◆ **Assignment**
Instruction for the data below: set down exactly the lines from the line with "1749 Gordon Hwy, Augusta, GA" to the line with "Imperio Hotel Cernavoda Buitenkant foto", inclusive, and no others.

◆ **Dataset excerpts**
§

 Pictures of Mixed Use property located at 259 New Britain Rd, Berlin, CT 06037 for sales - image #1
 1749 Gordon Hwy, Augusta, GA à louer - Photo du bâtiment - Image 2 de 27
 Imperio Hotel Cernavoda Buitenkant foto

§

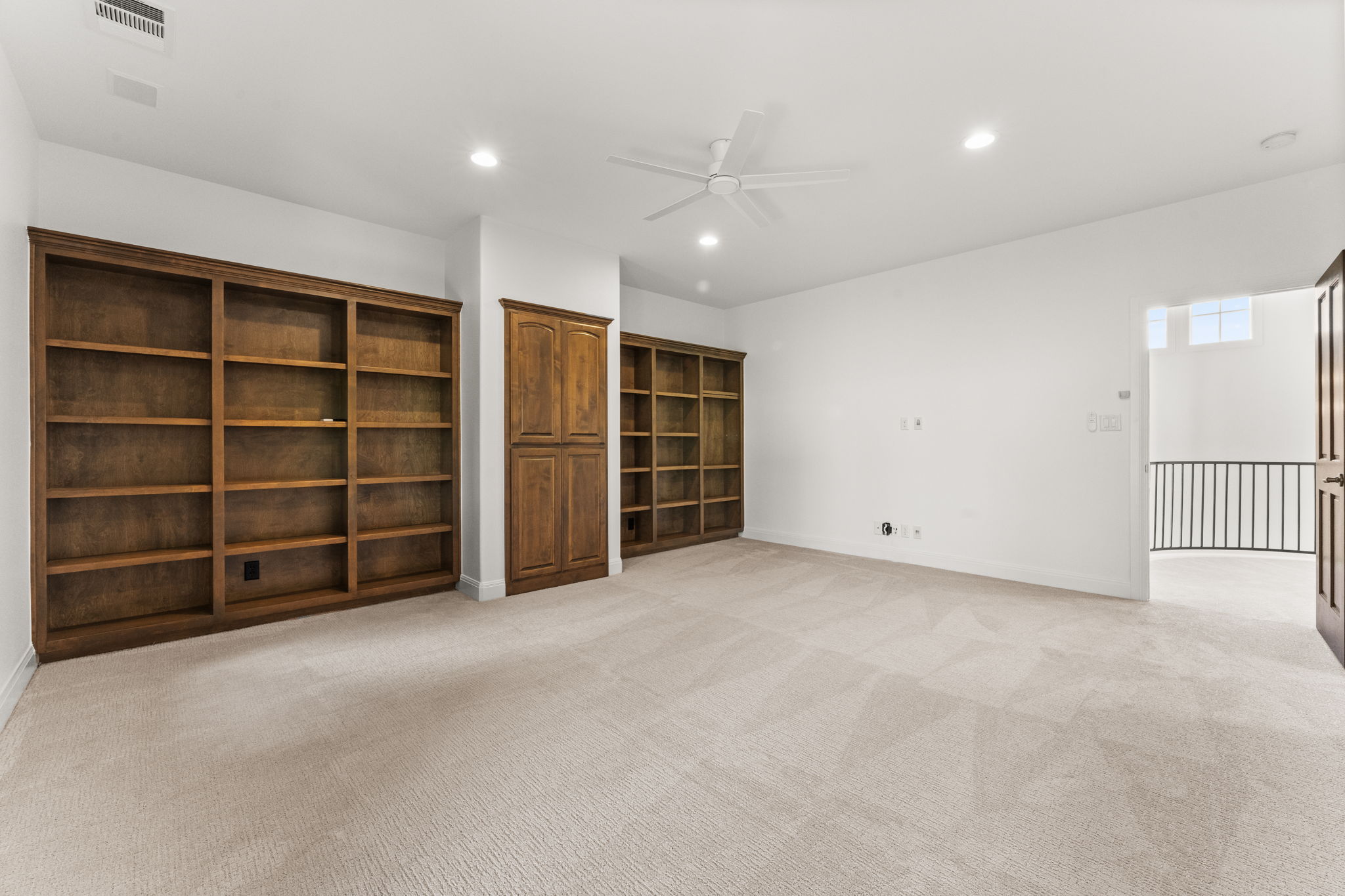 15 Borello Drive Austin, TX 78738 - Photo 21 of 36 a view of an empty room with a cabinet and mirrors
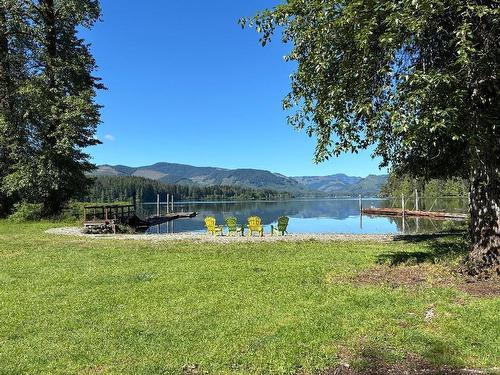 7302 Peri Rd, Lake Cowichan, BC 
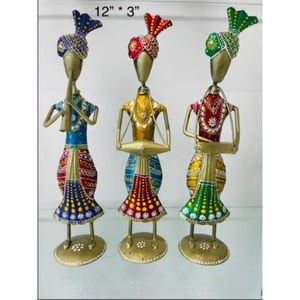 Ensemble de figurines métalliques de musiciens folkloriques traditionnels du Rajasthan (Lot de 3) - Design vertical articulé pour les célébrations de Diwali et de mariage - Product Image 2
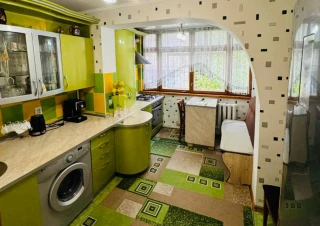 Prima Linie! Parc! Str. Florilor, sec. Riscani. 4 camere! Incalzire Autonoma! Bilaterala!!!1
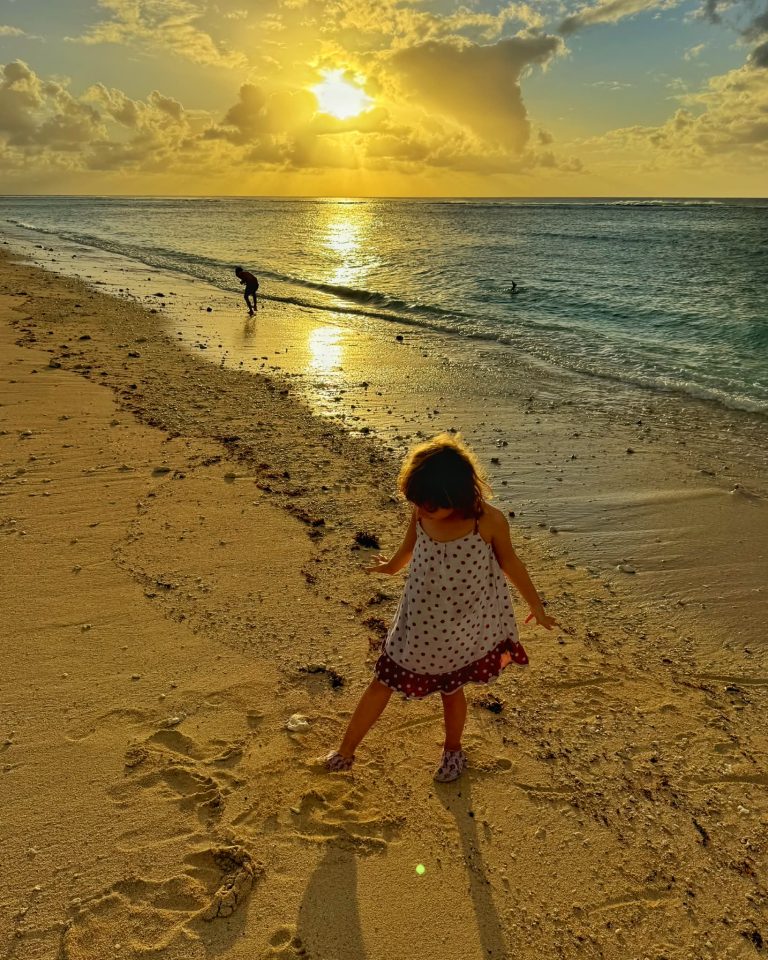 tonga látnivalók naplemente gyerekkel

§

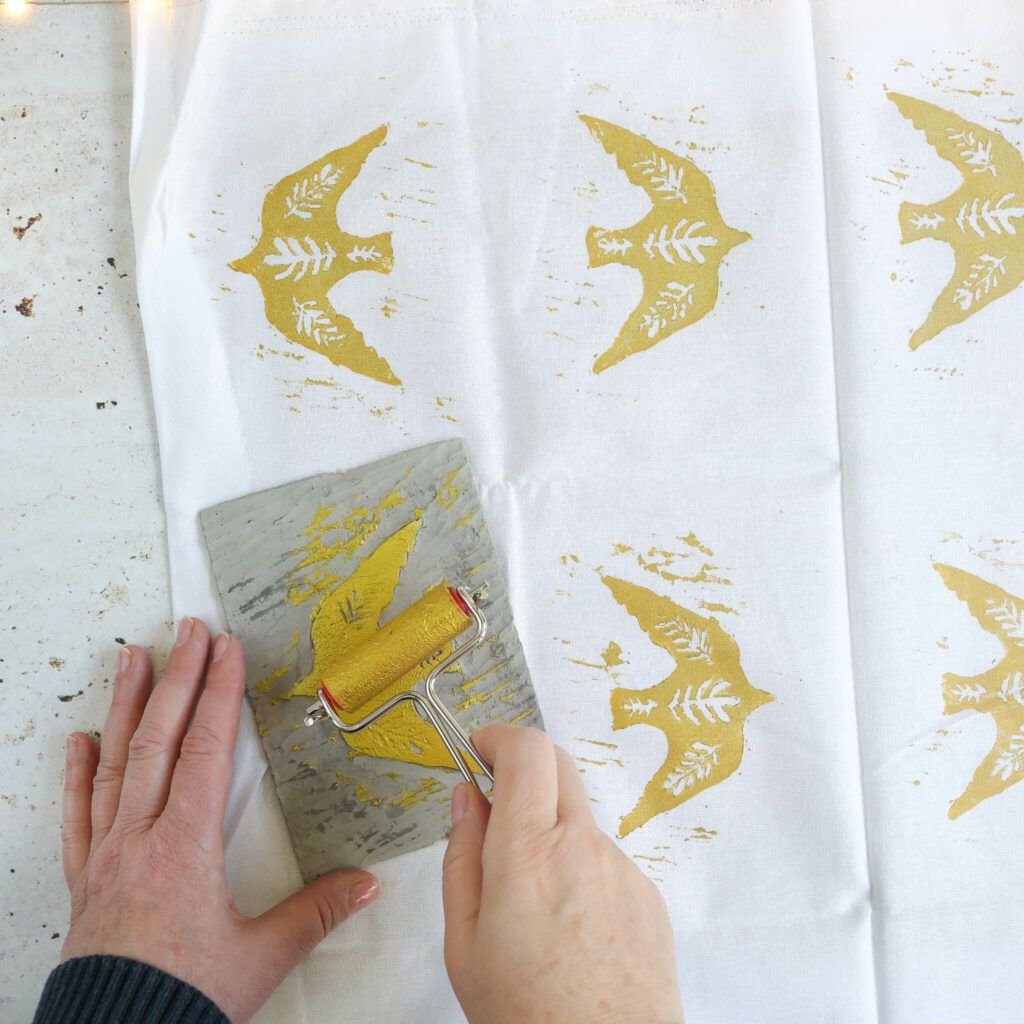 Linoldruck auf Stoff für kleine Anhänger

§

◆ **Result for this task**
 1749 Gordon Hwy, Augusta, GA à louer - Photo du bâtiment - Image 2 de 27
 Imperio Hotel Cernavoda Buitenkant foto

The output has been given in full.